Anyway the intended usage works all right.

kapouer avatar Sep 07 '22 20:09 kapouer

I tried to lazy-load externalized deps with this approach: more_shareable_builtins.patch.txt (on top of this PR).

kapouer avatar Sep 08 '22 01:09 kapouer

missing files wouldn't crash node asap, and node can run many things without lexer or undici.

@kapouer my initial thought is that is not a good thing. It would better to know up fron that you don't have a fully working Node.js setup/application versus running up until the customer triggers a transaction that requires one of the missing pieces in the middle of the night.

mhdawson avatar Sep 09 '22 18:09 mhdawson

@mhdawson yes, late discovery of a missing file is really bad, but that won't happen because:

  • test suites: even distributions without CI will at least run the tests during build and many fail if some external module is missing
  • package dependencies: the nodejs package in the distribution declares its dependencies on the needed external modules, that is unlikely to break. Unless files are moved, in which case
  • CI of the distribution can spot regressions easily

kapouer avatar Sep 09 '22 19:09 kapouer

Also, sorry to insist, but a "moving file" is really unlikely to happen in the setup of a distribution. If that was a concern, everything would break everyday.

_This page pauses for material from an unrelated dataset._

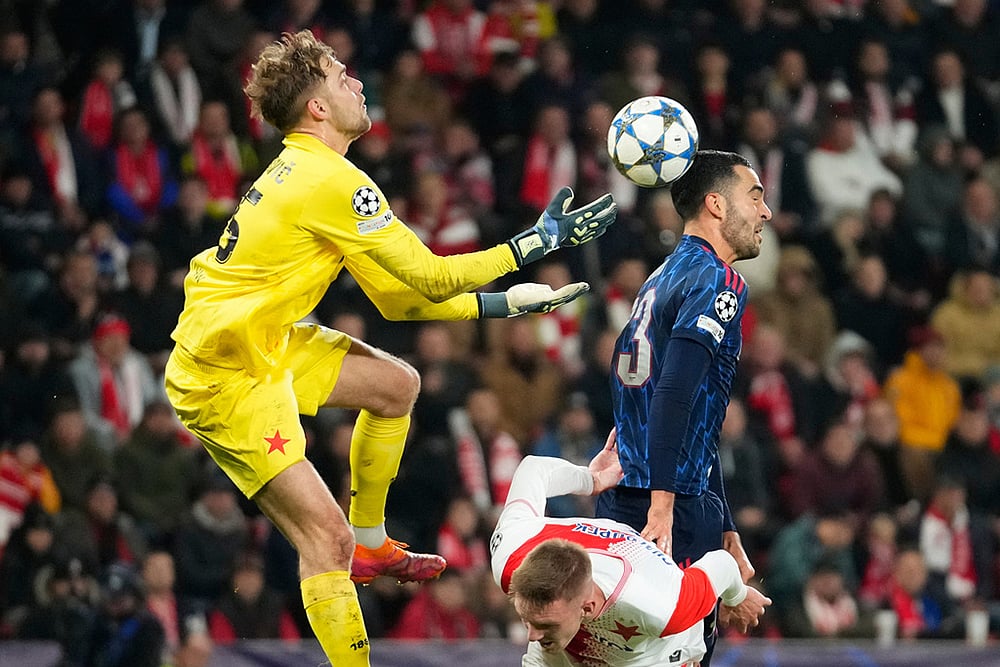UEFA champions League 2025-26 soccer Slavia Prague vs Arsenal_Mikel Merino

kapouer avatar Sep 09 '22 20:09 kapouer

I had started by adding the loading of files where you patch moves it to. At least one of the problems I saw is that it means that the files will be loaded multiple times (once for each of a few different loaders) versus being loaded into a cache once just like is done for the way they are loaded today.

I'm pretty comfortable that what I have in this PR is a reasonable way to externalize the files without changing anything else in terms of behaviour, runtime overhead etc. and think it would be good to stick with it for the first step.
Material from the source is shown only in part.